En avril 2022, elle installe son stand, comme d’habitude, et voit rappliquer les agents de la police municipale. Très vite, la situation se gâte, elle est traînée au sol par les policiers et son fils, qui vient à son secours, est, lui, embarqué. Un évènement qui a marqué le Franc-Moisin. Depuis, elle n’a plus entendu parler de la mairie et les policiers ne sont pas revenus lui chercher des noises.

Mon souhait est d’avoir quelque chose à moi 

Kady est investi d’un sentiment d’urgence pour rattraper le temps perdu. Arrivée en France à l’âge de 11 ans, elle n’a pas eu l’enfance qu’elle aurait voulu. Elle a travaillé tôt et avoue regretter l’école. « Ce sont mes enfants qui m’ont appris à écrire correctement en français », explique-t-elle.

À 50 ans, le temps presse encore. Elle aimerait que ses efforts payent. « Mon souhait est d’avoir quelque chose à moi », confie-t-elle. Un food truck rien qu’à elle. La cheffe a d’ailleurs passé le code. Elle prend des cours de conduite. « J’ai plus de 50 ans et je sais que je n’aurai pas de retraite  », réalise-t-elle.

Madeleine de Proust de la diaspora ivoirienne

Ses journées de travail lui laissent peu de temps pour elle. Tous les matins, elle se lève à 7 heures pour se rendre sur le marché de Rungis. Récemment, Kady a créé un compte Tik Tok où elle est suivie par plusieurs milliers de personnes. Résultat, son téléphone n’arrête pas de sonner. De nouveaux clients se demandent s’il est possible de commander en avance.
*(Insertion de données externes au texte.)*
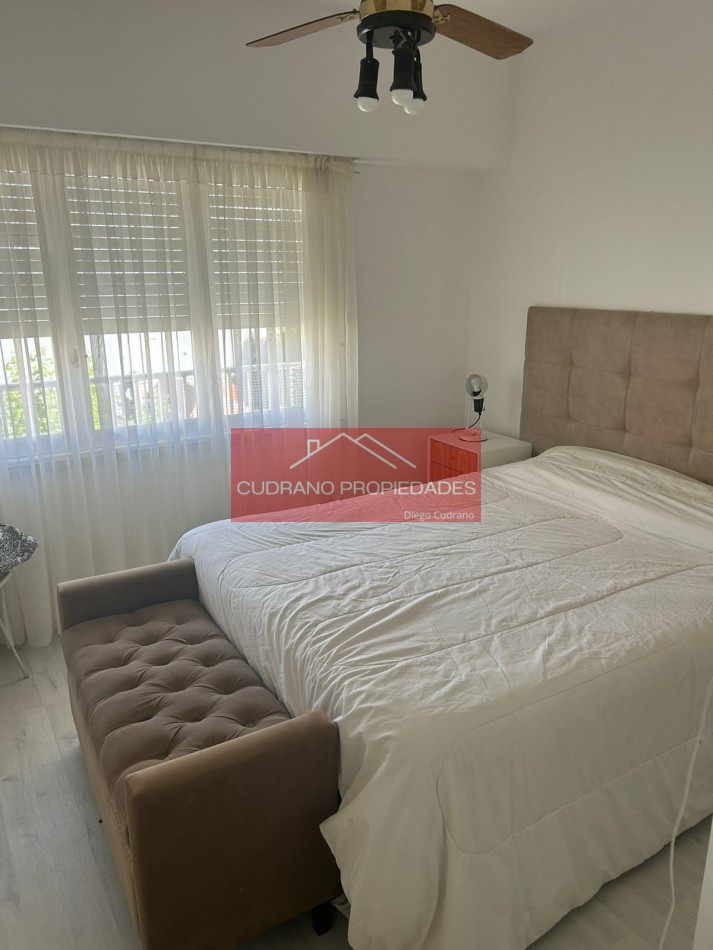 EDIF AZCUENAGA - 4 AMBIENTES - COCHERA - ZONA I - MIRAMAR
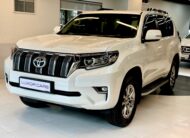 2018 Toyota Land Cruiser Prado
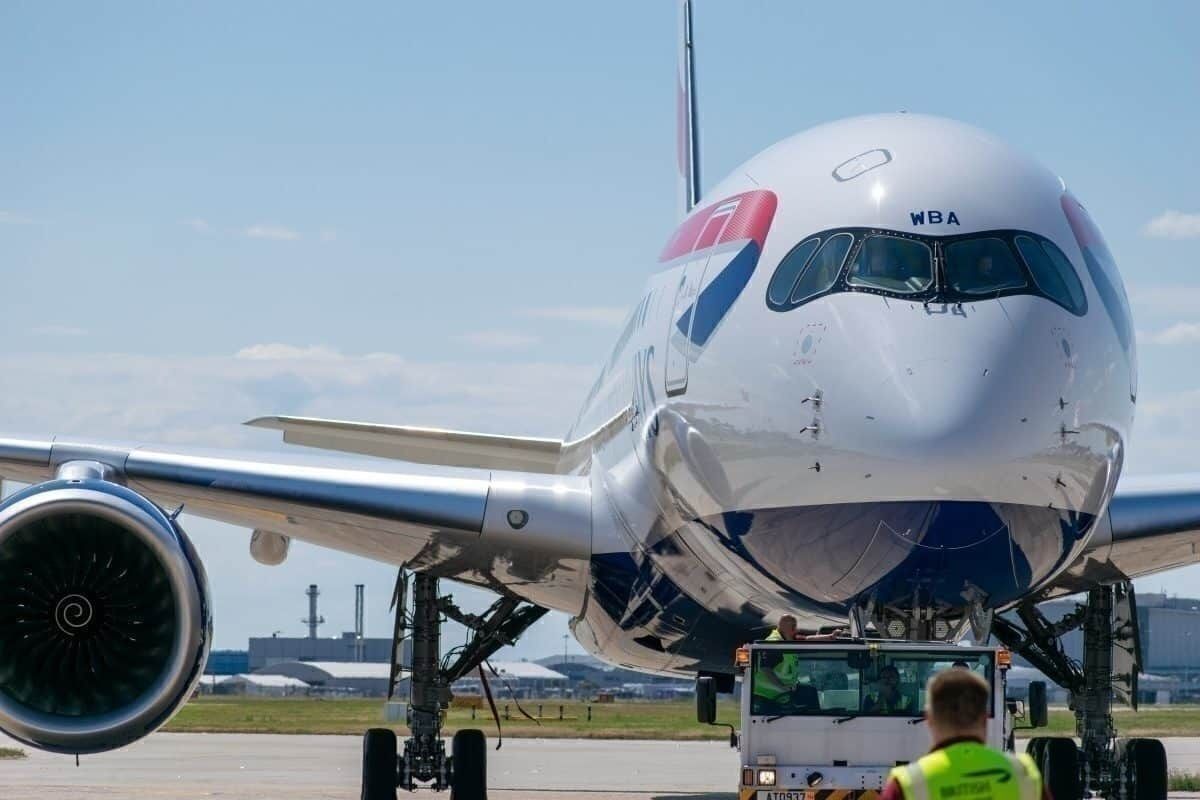 What Goes Into Developing A Menu For 36,000 Feet?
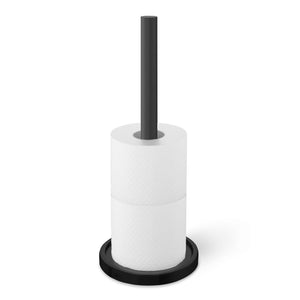 Portarrollos de repuesto MIMO (negro)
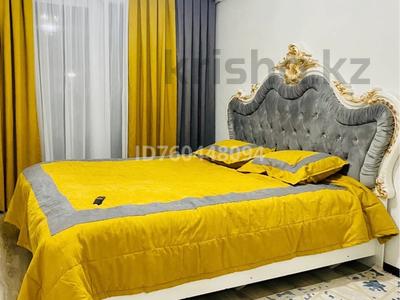 1-комнатная квартира · 40 м² · 1/12 этаж, 9-я 42/2 — Рядом облосного акимата,супермаркет EXTRA,ресторан ANTALYA за 10 000 〒 в Туркестане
« Il y a des gens qui viennent d’ailleurs. Il ne faut pas croire que c’est quelque chose de communautaire », pointe Mohamed. Un rapide sondage de terrain confirme ses dires : les clients du jour ont fait le déplacement depuis Créteil, Sarcelles ou encore Nanterre. Parfois, ils viennent même de Belgique, nous dit-on.
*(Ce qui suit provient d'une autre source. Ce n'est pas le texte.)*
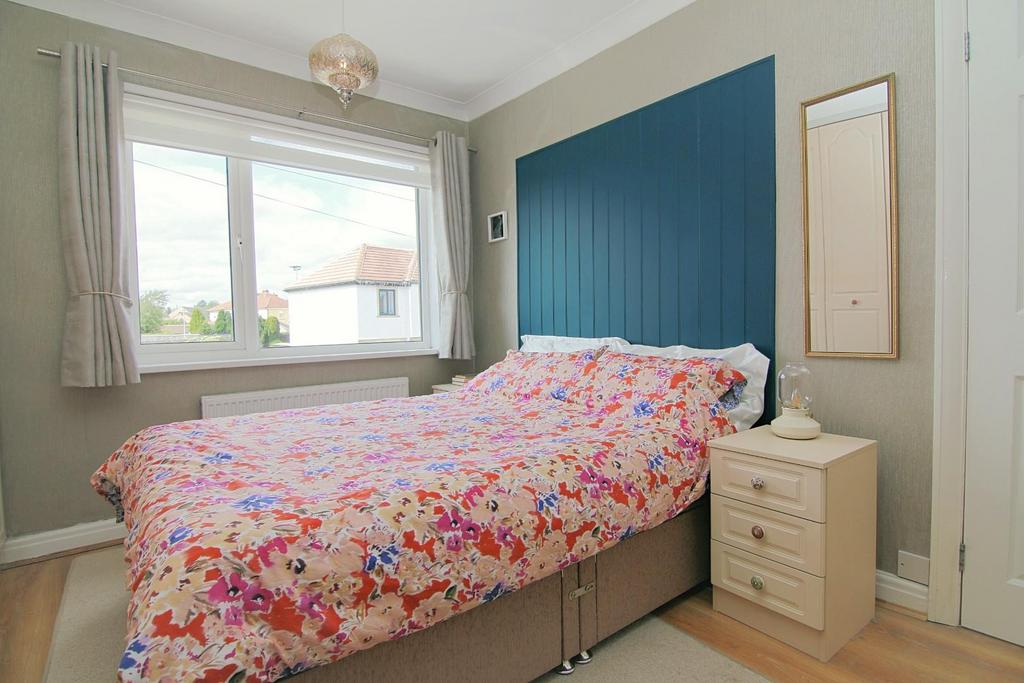 Bedroom one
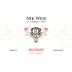 Nik Weis St. Urbans-Hof Wiltinger Riesling Alte Reben 2020 Front Label
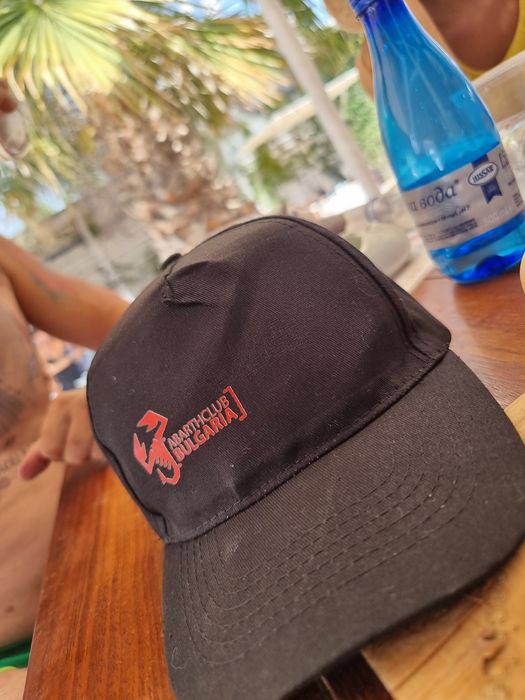 Abarth Club Bulgaria / Abarth Lifestyle - Фенска шапка с козирка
Ce serait bien que la mairie lui facilite l’accès à un local

« On retrouve un peu de la culture de chez nous grâce aux plats de Kady », apprécie Amadou, également d’origine ivoirienne. Gérant d’auto-école, Amadou a quitté Franc-Moisin il y a 15 ans. Autant qu’il le peut, il revient dans le 93. « Kady a réussi à recréer des saveurs qui sont difficiles à reproduire, jure-t-il. J’ai déjà essayé de refaire ses plats chez moi, mais jamais avec le même résultat. »

Les plats de Kady se méritent : la cuisson peut être longue. Debout depuis des heures, Kady et ses proches auront fait leur sport de la journée. « Elles ont du mérite », souffle Amadou. « Ce serait bien que la mairie lui facilite l’accès à un local », soulève l’ancien du Franc-Moisin. « Cela faciliterait la vie du quartier », juge-t-il. Et celle de Kady.

Méline Escrihuela 

*EDIT : depuis l’interdiction faite à Kady de poser son stand près de la Poste, elle a déplacé son stand dans le quartier du Franc-Moisin.